> [Data for this exercise]:
--*--
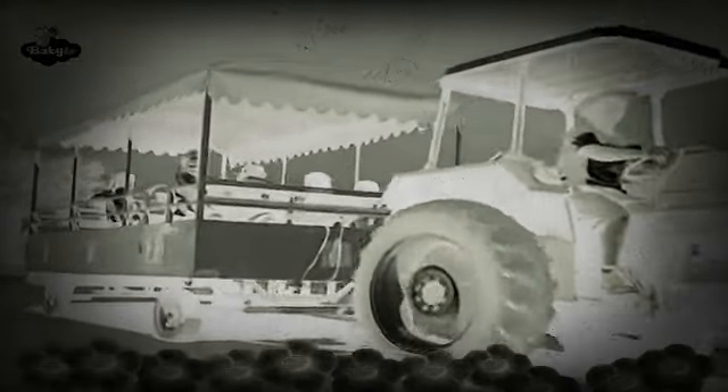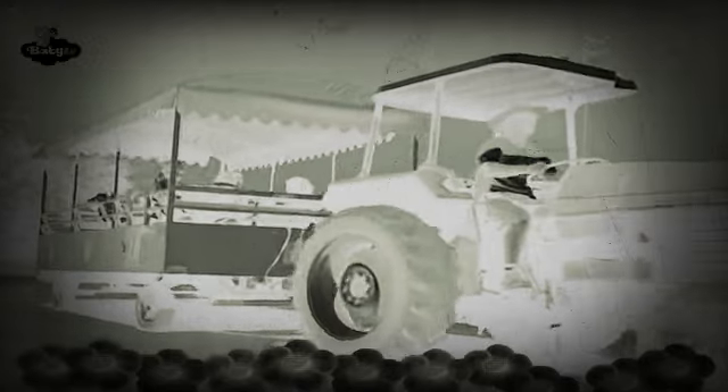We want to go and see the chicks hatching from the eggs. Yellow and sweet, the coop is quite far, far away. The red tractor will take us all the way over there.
--*--
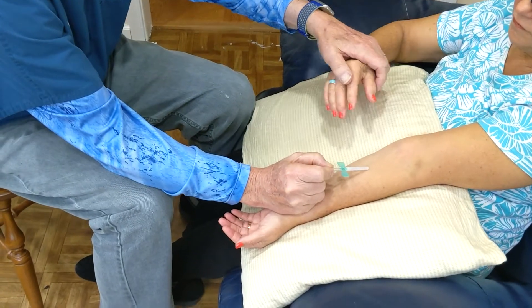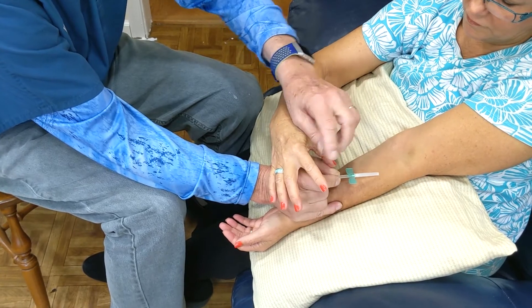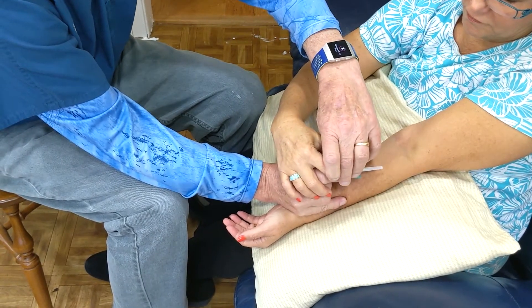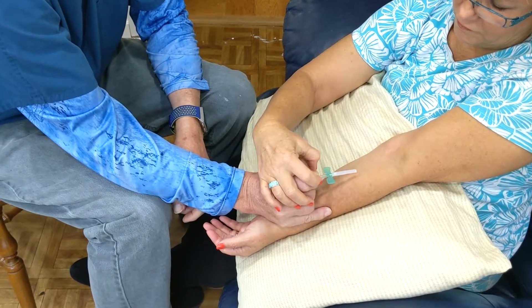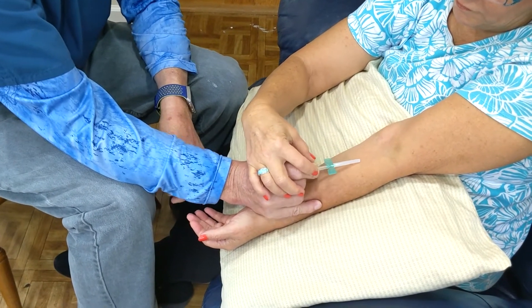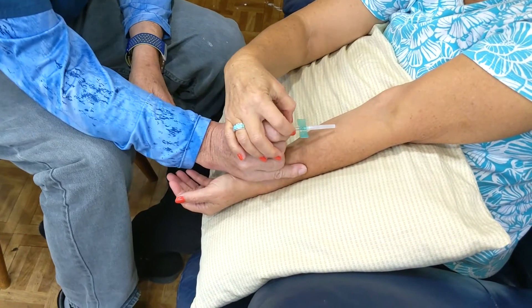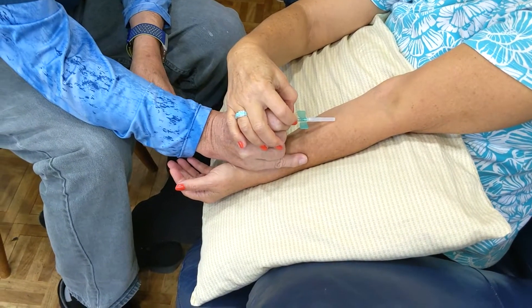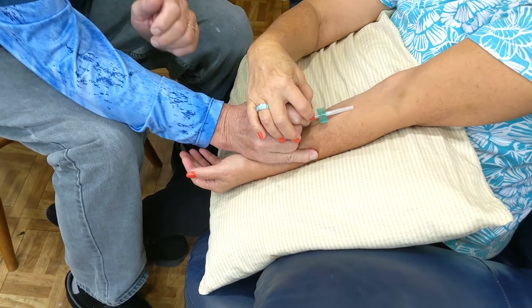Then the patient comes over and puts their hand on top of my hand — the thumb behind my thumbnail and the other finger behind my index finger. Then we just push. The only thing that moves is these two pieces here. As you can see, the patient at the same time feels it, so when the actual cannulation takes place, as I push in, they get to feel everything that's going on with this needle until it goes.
--*--
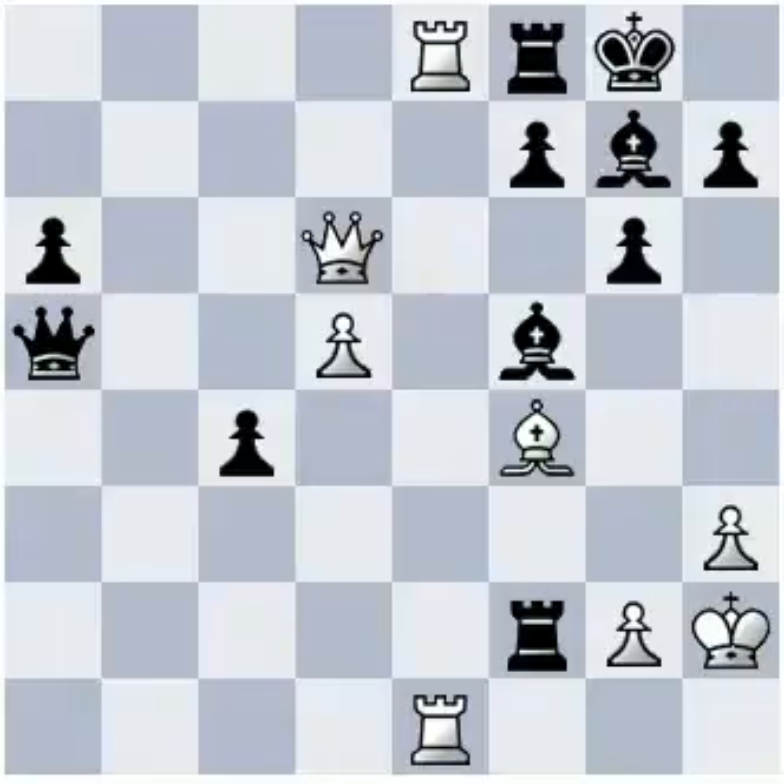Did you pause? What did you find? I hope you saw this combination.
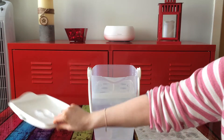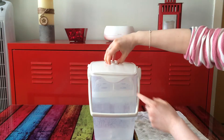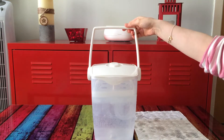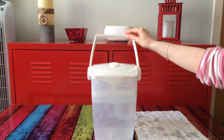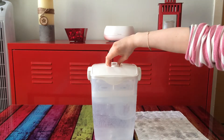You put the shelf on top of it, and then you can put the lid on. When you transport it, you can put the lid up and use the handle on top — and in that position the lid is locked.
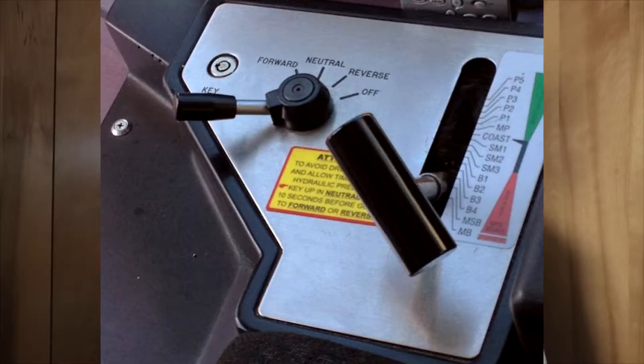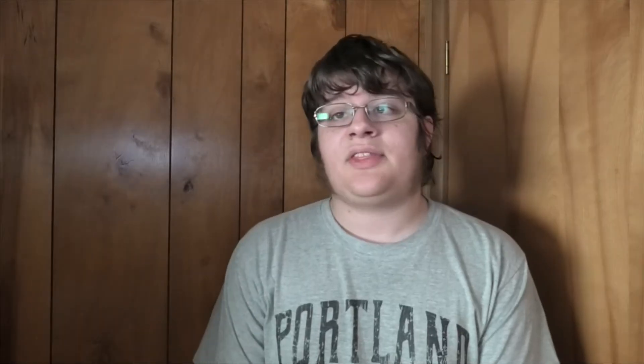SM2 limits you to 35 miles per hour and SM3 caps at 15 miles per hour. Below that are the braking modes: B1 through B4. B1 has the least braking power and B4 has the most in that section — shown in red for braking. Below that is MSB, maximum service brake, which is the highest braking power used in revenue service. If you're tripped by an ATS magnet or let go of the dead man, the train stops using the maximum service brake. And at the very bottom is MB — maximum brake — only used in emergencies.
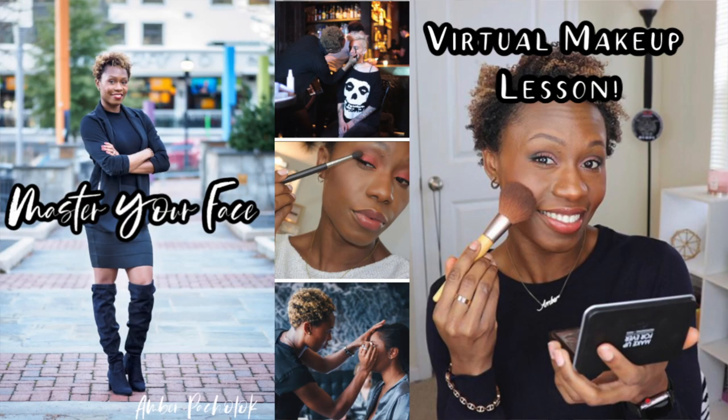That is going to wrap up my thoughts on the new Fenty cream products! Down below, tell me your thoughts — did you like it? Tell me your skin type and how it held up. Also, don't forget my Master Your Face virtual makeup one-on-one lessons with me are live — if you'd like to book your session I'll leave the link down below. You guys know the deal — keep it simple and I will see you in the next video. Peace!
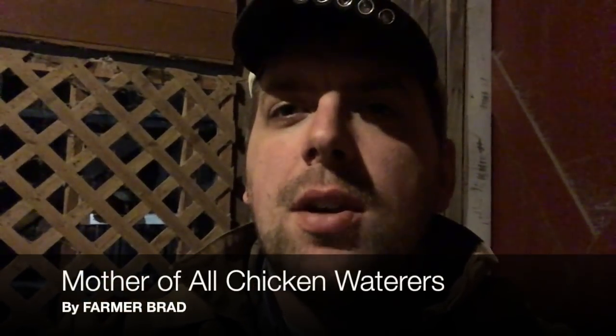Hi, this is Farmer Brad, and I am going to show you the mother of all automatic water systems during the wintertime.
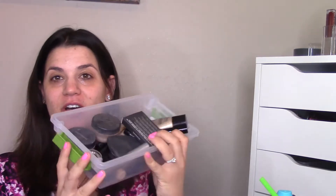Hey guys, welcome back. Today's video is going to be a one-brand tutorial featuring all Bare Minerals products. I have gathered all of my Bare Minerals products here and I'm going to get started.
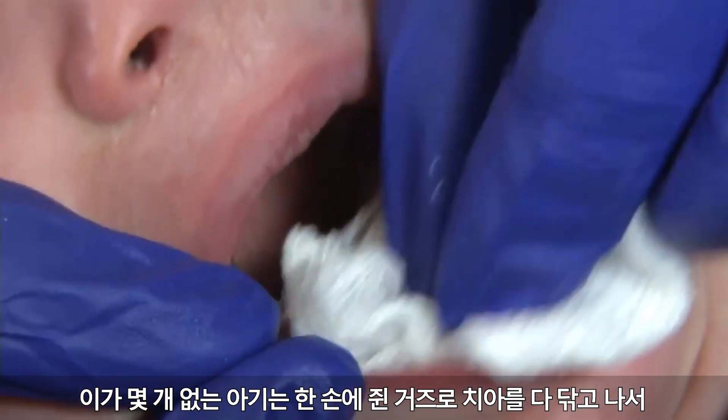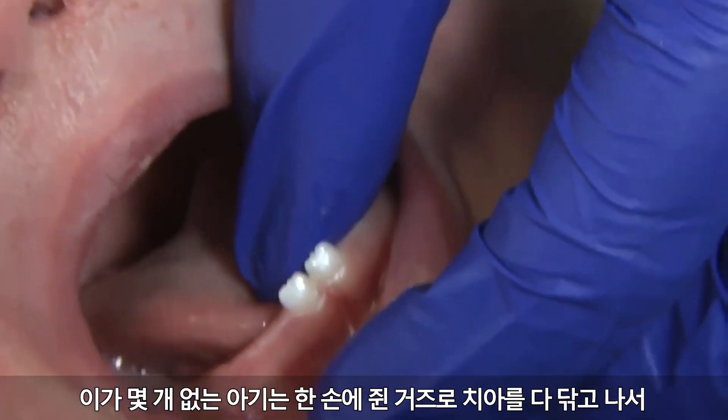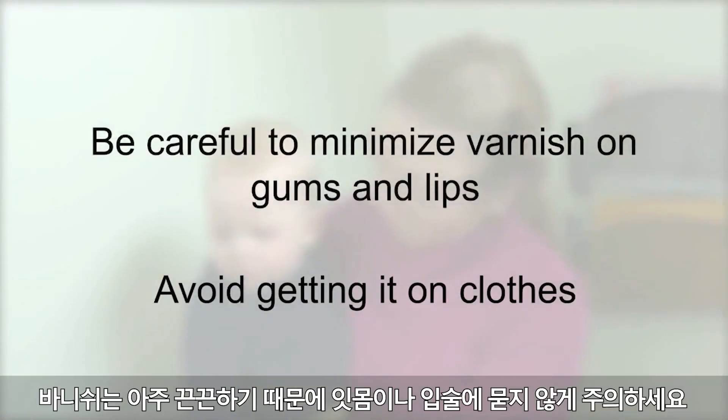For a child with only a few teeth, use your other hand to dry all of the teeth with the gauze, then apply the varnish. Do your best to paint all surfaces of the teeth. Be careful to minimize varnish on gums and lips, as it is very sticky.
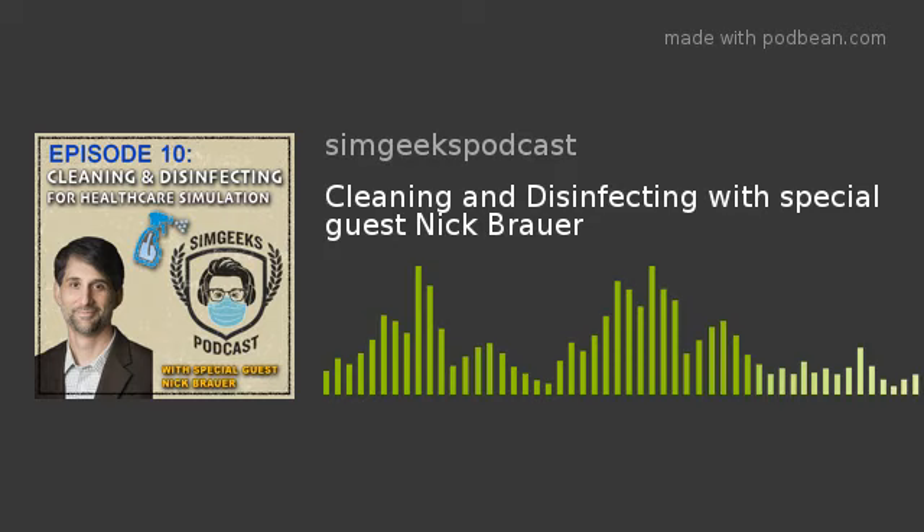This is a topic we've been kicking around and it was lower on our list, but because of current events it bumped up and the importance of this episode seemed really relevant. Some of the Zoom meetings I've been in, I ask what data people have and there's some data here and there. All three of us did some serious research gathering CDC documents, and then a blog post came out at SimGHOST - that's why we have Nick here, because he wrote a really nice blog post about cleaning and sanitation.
--*--
> [Instructions to follow]: Output exactly the lines above, from the line with "Hey guys, welcome" to the line with "For a child", both included; skip the pictures.

> [Response]:
Hey guys, welcome back. Today's video is going to be a one-brand tutorial featuring all Bare Minerals products. I have gathered all of my Bare Minerals products here and I'm going to get started.
For a child with only a few teeth, use your other hand to dry all of the teeth with the gauze, then apply the varnish. Do your best to paint all surfaces of the teeth. Be careful to minimize varnish on gums and lips, as it is very sticky.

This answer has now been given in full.